┌────────

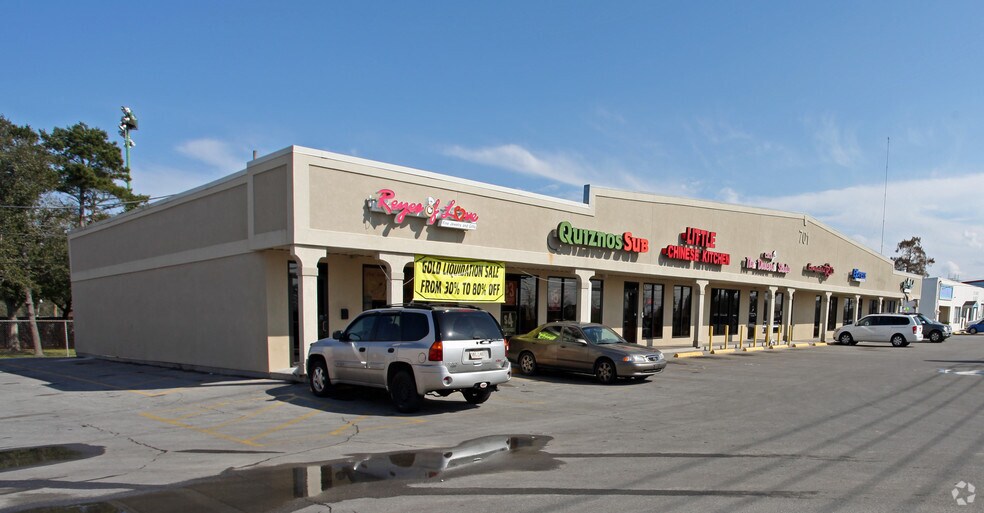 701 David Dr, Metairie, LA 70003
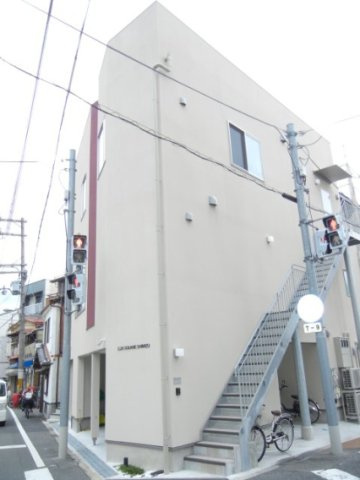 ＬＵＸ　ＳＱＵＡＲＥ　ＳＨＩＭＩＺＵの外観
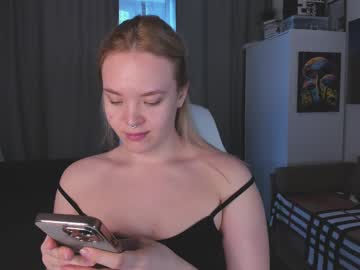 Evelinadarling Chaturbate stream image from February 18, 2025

└────────

_WHAT YOU ARE ASKED TO DO_
Transcribe the data exactly and leave no picture in the copy.

_SOLUTION_
 701 David Dr, Metairie, LA 70003
 ＬＵＸ　ＳＱＵＡＲＥ　ＳＨＩＭＩＺＵの外観
 Evelinadarling Chaturbate stream image from February 18, 2025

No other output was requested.